• What you have to do
Pictures are to be left out. Return exactly the lines below from the one with "Students aim bows" up to and including the one with "CC 30MM BELT".

• Data for processing
▬▬▬▬▬▬▬▬▬▬
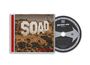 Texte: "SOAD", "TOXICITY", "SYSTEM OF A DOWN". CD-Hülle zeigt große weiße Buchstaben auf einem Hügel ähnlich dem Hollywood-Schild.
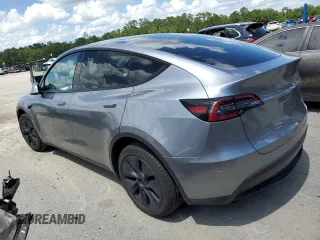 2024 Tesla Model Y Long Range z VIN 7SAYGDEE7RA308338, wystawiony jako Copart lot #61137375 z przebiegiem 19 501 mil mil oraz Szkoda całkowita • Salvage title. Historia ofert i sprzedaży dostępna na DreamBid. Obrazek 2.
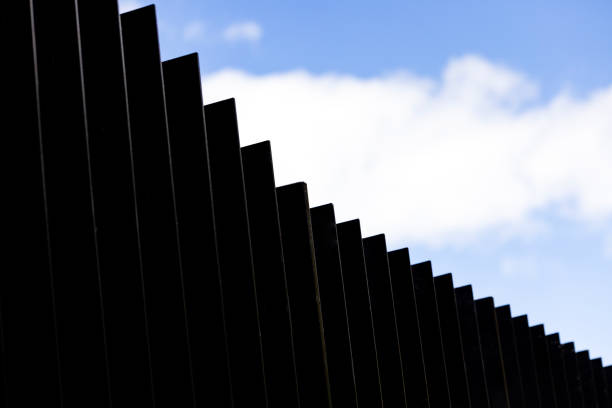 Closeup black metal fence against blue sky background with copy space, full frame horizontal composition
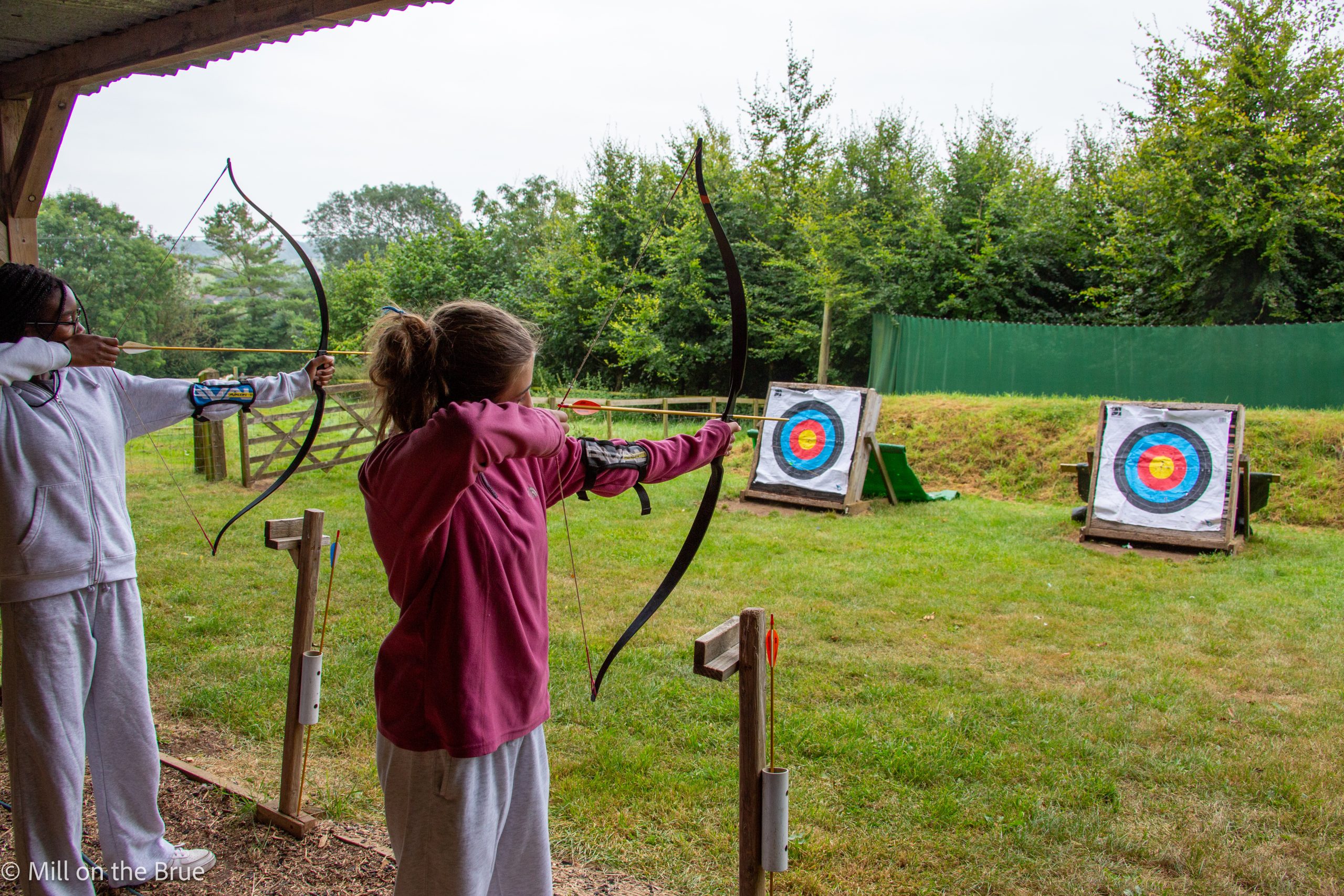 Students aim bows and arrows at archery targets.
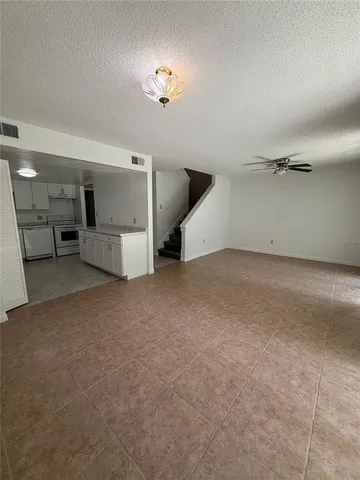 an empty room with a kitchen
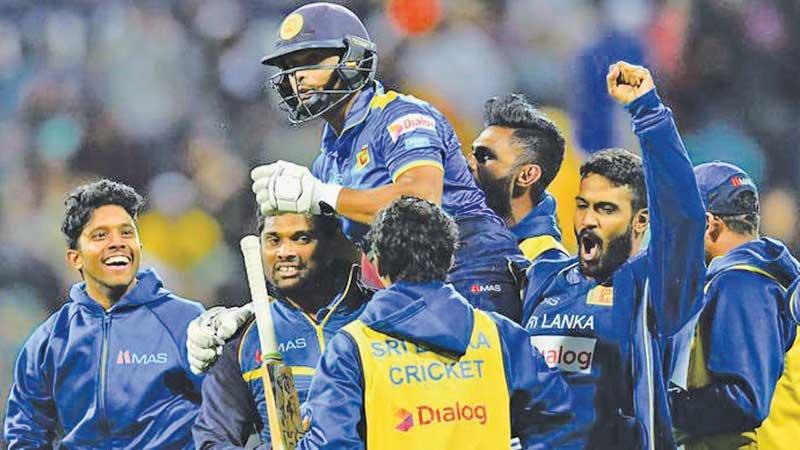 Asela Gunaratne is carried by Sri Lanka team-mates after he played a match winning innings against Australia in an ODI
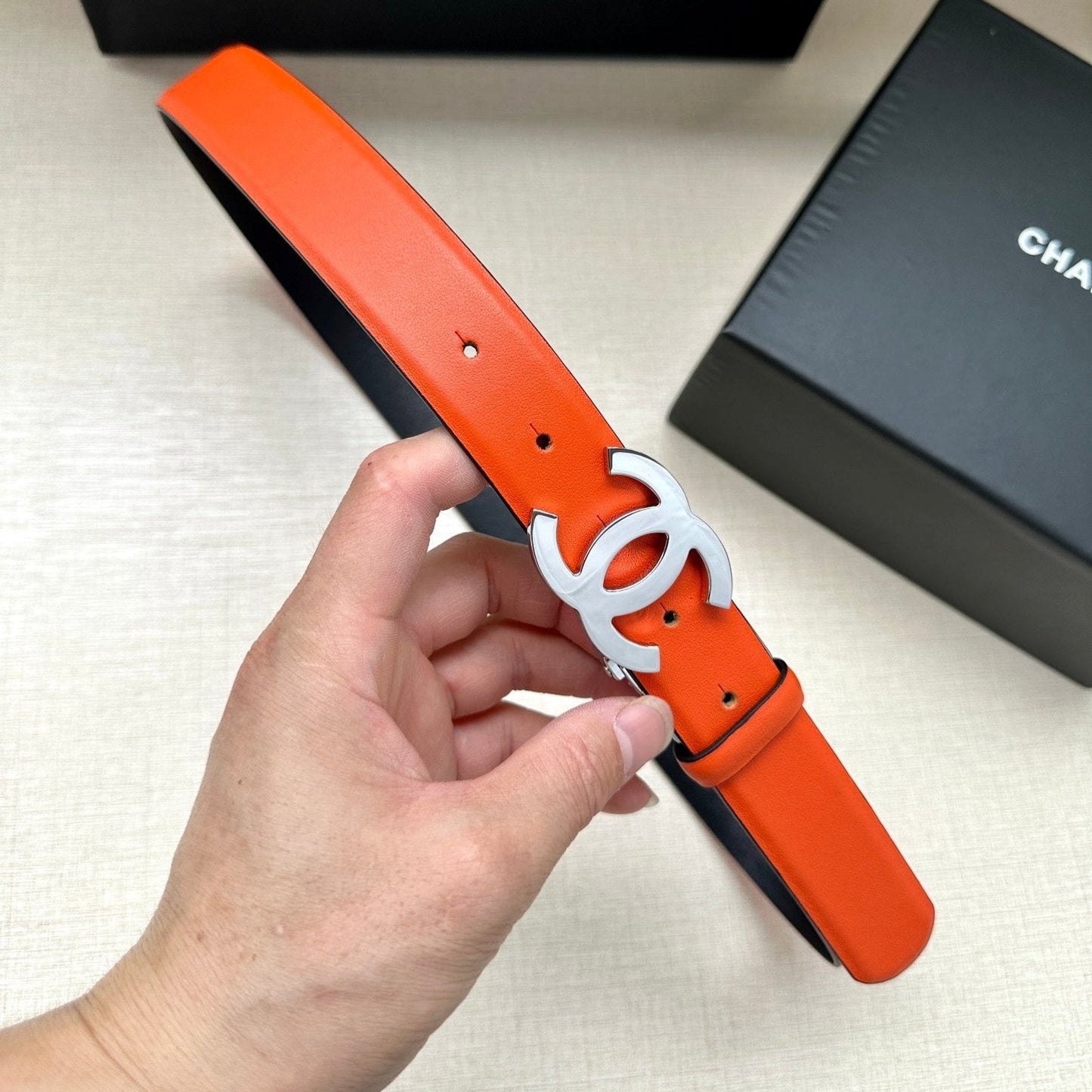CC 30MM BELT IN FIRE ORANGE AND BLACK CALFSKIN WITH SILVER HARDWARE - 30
▬▬▬▬▬▬▬▬▬▬
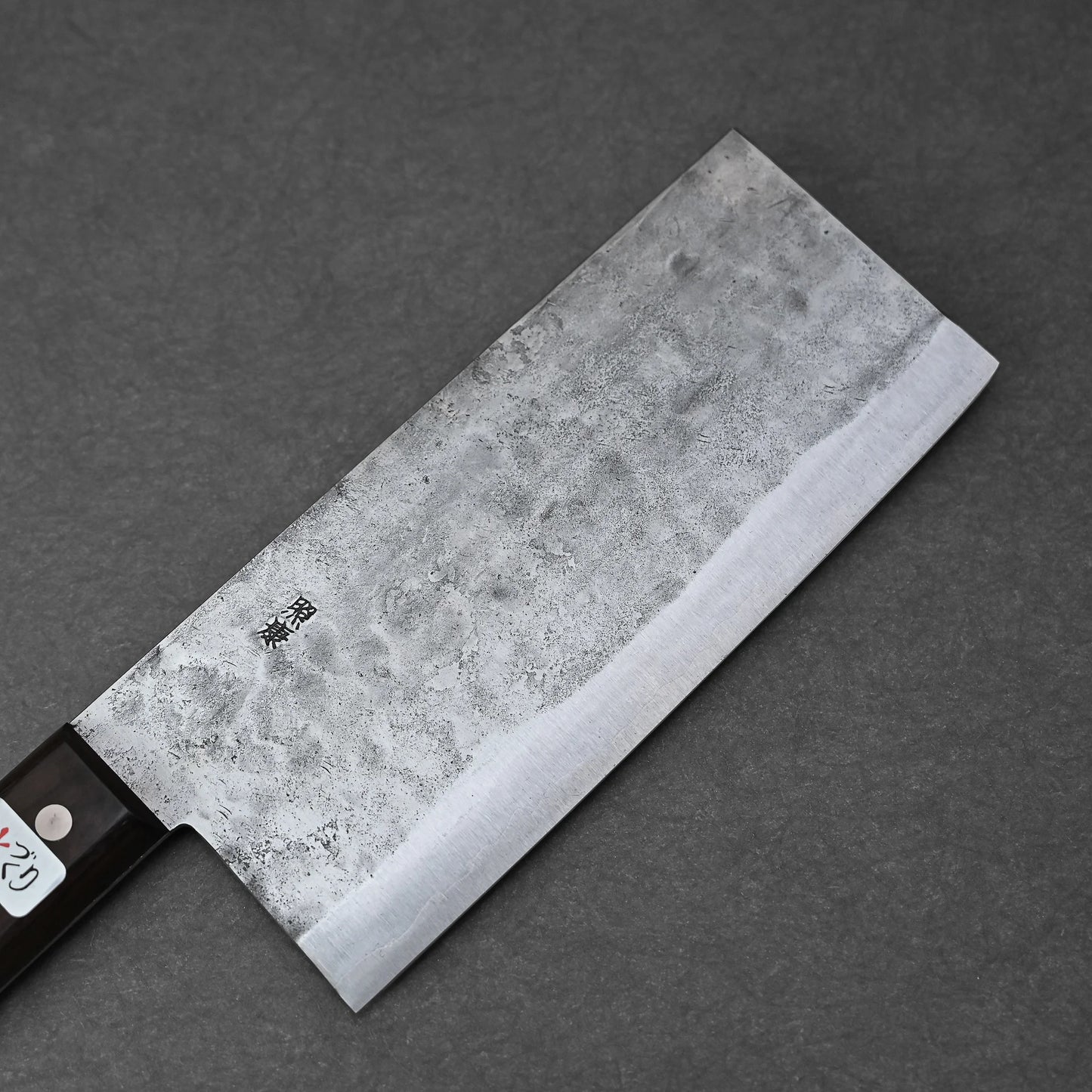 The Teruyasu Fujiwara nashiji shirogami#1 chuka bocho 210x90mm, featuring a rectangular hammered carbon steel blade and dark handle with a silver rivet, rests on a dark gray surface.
▬▬▬▬▬▬▬▬▬▬
• Solution for this problem
 Students aim bows and arrows at archery targets.
 an empty room with a kitchen
 Asela Gunaratne is carried by Sri Lanka team-mates after he played a match winning innings against Australia in an ODI
CC 30MM BELT IN FIRE ORANGE AND BLACK CALFSKIN WITH SILVER HARDWARE - 30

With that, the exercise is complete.